DATA RECORDS:

- - - - -

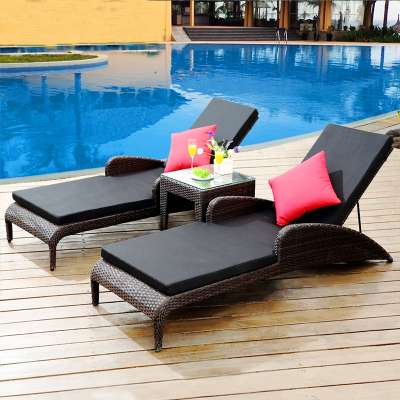 Outdoor poolside rattan sunbed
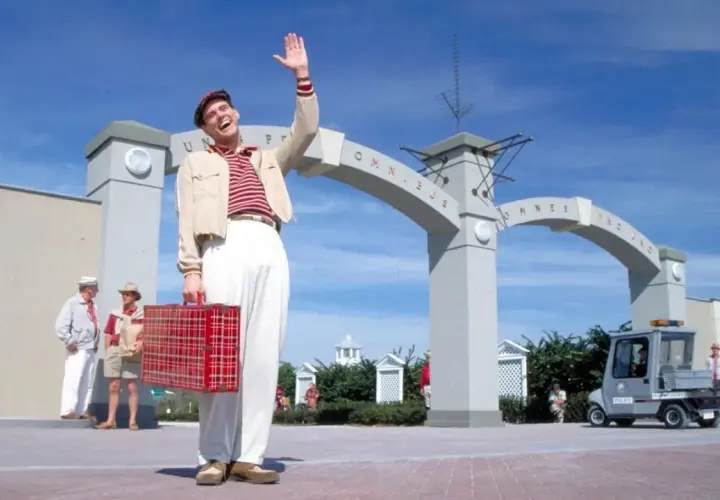 Truman Show obsada: Jim Carrey wita się z widzami, trzymając czerwoną walizkę. W tle łuk z napisem "Omnibus".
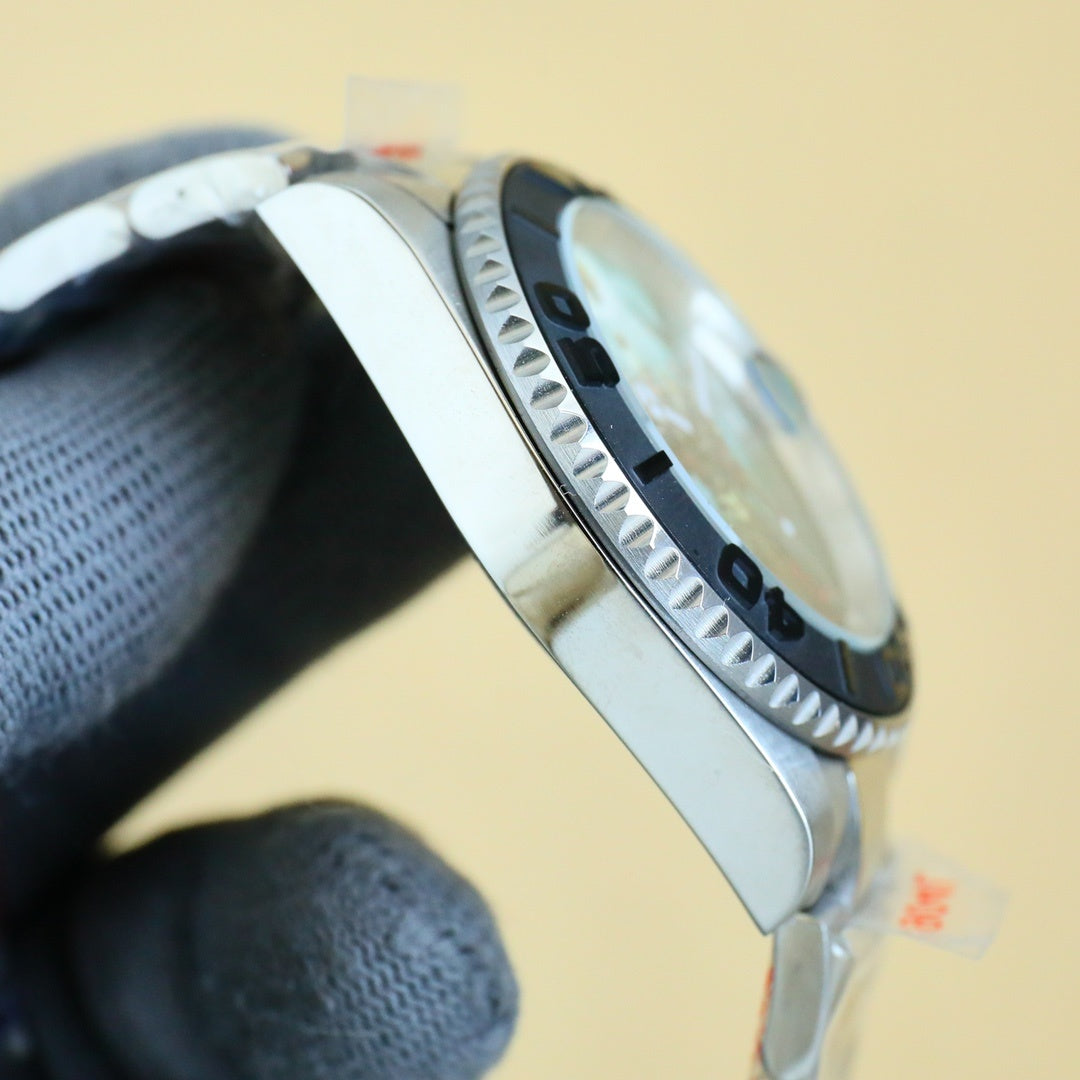 Rolex stainless steel wristwatch side view with black bezel and textured minute markers.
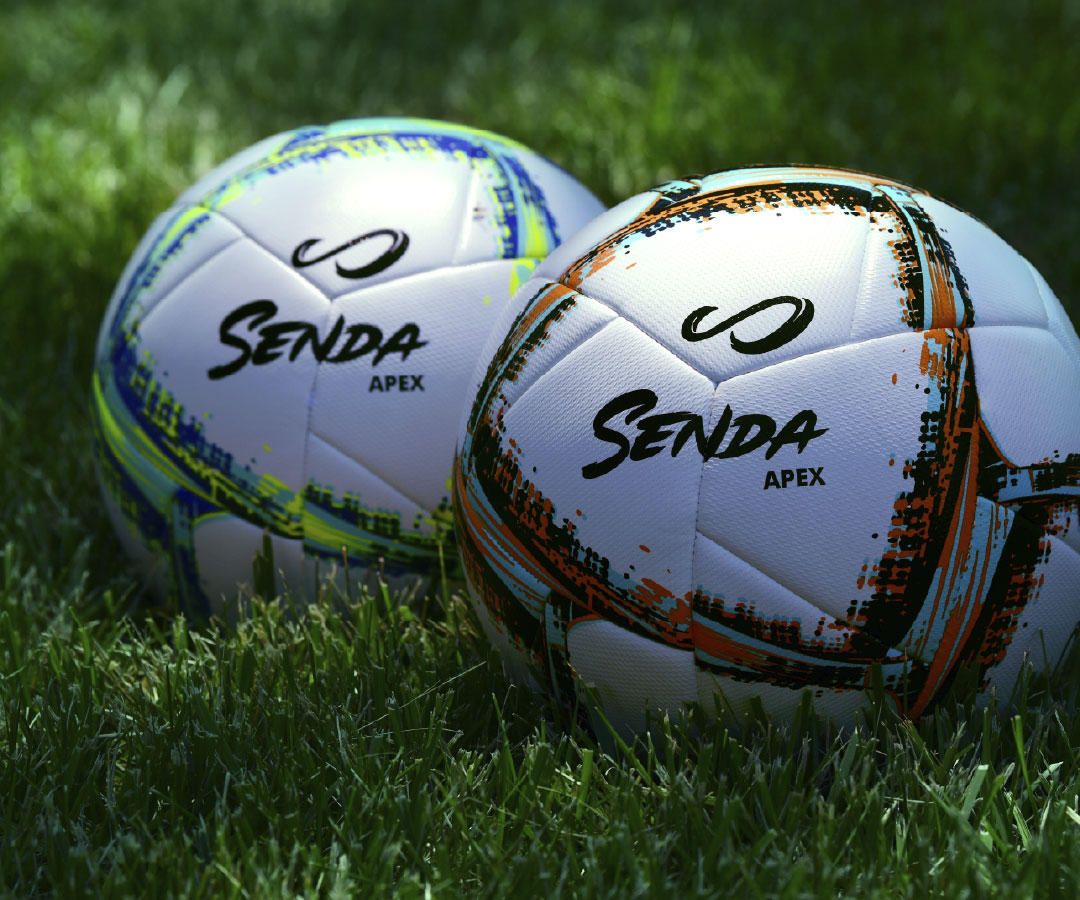 Two Senda Apex soccer balls on grass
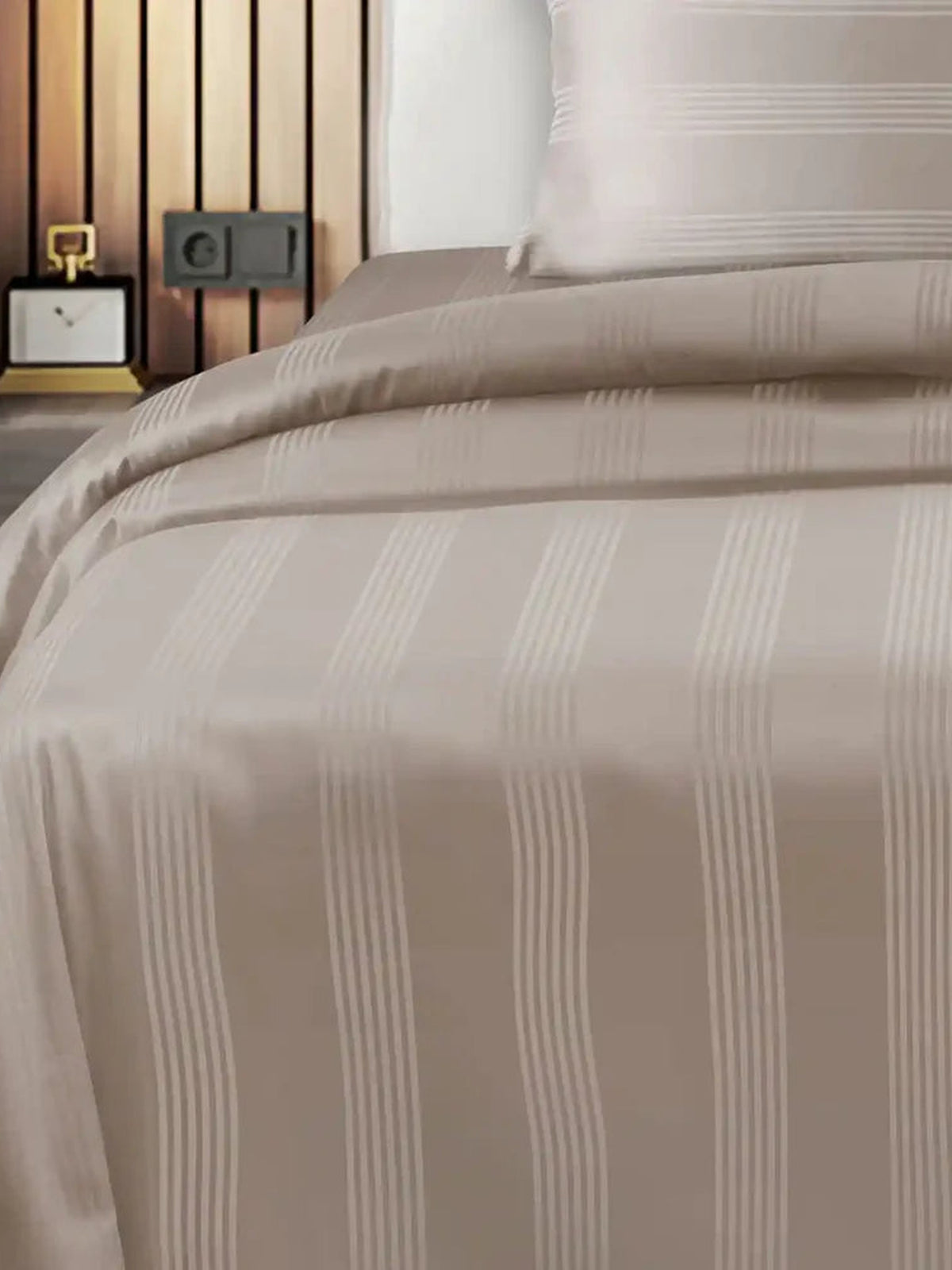 Taupe satin stripe cotton bedsheet draped over a bed with cream stripe detail
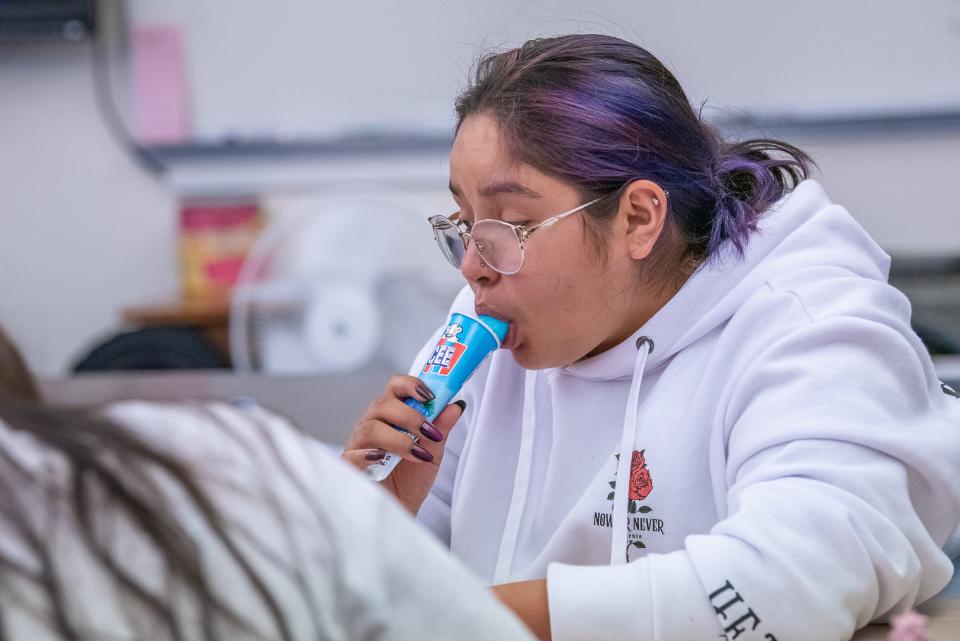 Fort Collins High School student Angelina Dubray-Cosme cools off with an ice pop during an afternoon journalism class Tuesday in Fort Collins. Because the school does not have a working air conditioning system, the second-floor classroom uses four portable fans to circulate air on hot days.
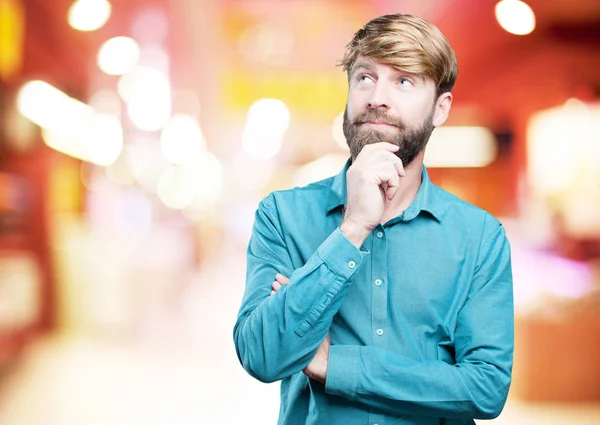 Young blonde man thinking — Stock Photo, Image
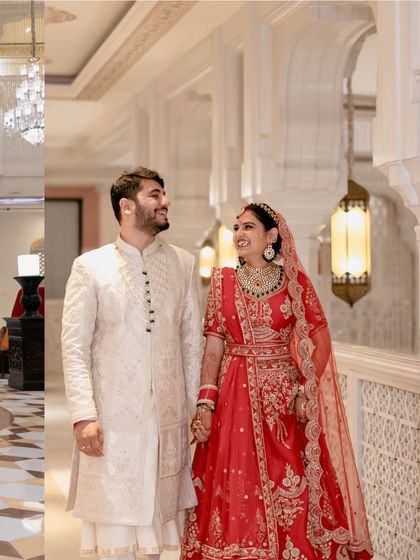 A classic wedding portrait in a grand hotel corridor. The couple's traditional red and white attire looks stunning against the architecture.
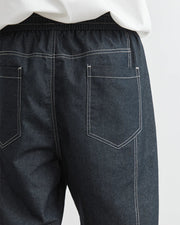 Dark gray pants with white stitching on a white background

- - - - -

EXERCISE AIM: Please return, exactly as written, the lines from the first line of the records above through the line containing "Taupe satin stripe", both included, leaving out any pictures.

ANSWER BOX:
 Outdoor poolside rattan sunbed
 Truman Show obsada: Jim Carrey wita się z widzami, trzymając czerwoną walizkę. W tle łuk z napisem "Omnibus".
 Rolex stainless steel wristwatch side view with black bezel and textured minute markers.
 Two Senda Apex soccer balls on grass
 Taupe satin stripe cotton bedsheet draped over a bed with cream stripe detail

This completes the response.